O QUE DIZ O GUILHERME?
“Não
pago nada ao meu pai. Nem poderia pagar. Era um pequeníssimo negócio
que, retirando os custos, pouco dava, ou nada -a não ser para ele
estar ali entretido. Não passei este quiosque da praça velha para meu nome por
causa do facto da Santa Casa da Misericórdia, sempre que há
transmissão, suspender o contrato do totoloto/Euromilhões e haver
um novo processo de concessão. Fui aconselhado a manter assim. Para
além disso, também pesou o facto de o meu pai ser doente e ter
dificuldades na visão. Sempre fiz os descontos e nunca prejudiquei a
Segurança Social.
Agora, com a coima
a balouçar sobre as nossa cabeças, já encerrei o quiosque da
entrada de porta na Rua Rua Ferreira Borges. Querem arrumar com a
sobrevivência dos pobres? É isto que querem? Era melhor o meu pai
andar por aí aos caídos? É tudo muito triste e demasiado aviltante
para ser verdade. É isto, este tipo de perseguição aos pequeninos,
que é o melhor para o país?”
1 comentário:
Eu não conheço o senhor, nem o filho, muito menos o caso concreto.
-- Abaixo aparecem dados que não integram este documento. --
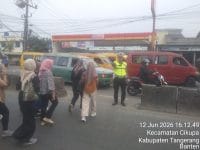Personel Polsek Cikupa Laksanakan Pengaturan Lalu Lintas Sore Hari, Wujudkan Kamseltibcar Lantas yang Kondusif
Mas sobre este tipo de novela tenho uma opinião que guardo para mim. Mas poderia o Sr. Luís Fernandes, já agora, informar o dito senhor que não é bonito investigar a vida particular da funcionária, que apenas estava a cumprir a sua função, e também que uma avó tomar conta de uma neta não é exactamente um negócio? Agradecido.